A complete answer lists every line of the material where the string "studio" occurs.

Segment Start: Data under study

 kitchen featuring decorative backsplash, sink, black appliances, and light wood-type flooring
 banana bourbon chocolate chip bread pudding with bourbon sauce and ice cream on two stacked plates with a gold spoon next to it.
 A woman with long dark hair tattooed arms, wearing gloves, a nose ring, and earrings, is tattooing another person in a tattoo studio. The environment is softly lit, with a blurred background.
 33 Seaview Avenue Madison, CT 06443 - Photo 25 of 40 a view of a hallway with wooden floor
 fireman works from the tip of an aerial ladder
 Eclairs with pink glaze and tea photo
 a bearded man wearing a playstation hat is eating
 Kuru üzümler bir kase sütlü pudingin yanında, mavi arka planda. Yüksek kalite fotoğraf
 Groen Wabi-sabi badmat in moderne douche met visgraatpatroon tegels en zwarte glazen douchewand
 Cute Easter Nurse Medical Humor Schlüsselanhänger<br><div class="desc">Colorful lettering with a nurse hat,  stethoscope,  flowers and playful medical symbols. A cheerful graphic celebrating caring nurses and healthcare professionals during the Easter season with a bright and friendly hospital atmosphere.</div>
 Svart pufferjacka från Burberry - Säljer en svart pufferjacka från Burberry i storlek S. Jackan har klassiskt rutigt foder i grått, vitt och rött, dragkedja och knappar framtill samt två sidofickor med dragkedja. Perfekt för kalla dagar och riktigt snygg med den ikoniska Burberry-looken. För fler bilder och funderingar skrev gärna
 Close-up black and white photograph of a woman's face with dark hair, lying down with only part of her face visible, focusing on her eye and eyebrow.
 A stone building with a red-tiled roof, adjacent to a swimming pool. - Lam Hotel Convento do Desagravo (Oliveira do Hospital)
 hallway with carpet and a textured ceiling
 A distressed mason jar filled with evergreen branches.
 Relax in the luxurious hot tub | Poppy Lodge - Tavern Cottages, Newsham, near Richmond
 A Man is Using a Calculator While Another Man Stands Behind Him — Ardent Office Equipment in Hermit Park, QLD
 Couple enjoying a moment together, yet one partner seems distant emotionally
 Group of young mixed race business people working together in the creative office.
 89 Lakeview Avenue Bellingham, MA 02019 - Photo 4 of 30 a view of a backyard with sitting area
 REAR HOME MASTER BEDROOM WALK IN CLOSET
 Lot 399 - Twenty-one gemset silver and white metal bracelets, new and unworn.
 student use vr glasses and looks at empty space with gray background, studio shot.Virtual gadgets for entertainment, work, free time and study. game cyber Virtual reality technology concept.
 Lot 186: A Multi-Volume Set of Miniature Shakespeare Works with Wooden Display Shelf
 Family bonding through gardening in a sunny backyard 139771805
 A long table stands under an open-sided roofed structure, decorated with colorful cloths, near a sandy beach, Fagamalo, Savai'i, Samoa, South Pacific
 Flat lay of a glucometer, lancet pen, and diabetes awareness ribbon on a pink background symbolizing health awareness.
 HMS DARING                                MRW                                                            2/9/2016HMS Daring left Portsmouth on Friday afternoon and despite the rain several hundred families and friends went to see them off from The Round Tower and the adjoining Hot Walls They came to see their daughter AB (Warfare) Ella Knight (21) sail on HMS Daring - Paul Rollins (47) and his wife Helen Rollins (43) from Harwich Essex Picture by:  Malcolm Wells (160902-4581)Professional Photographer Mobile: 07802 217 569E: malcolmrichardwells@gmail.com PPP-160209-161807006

Segment End: Data under study

- [Solution below]
 A woman with long dark hair tattooed arms, wearing gloves, a nose ring, and earrings, is tattooing another person in a tattoo studio. The environment is softly lit, with a blurred background.
 student use vr glasses and looks at empty space with gray background, studio shot.Virtual gadgets for entertainment, work, free time and study. game cyber Virtual reality technology concept.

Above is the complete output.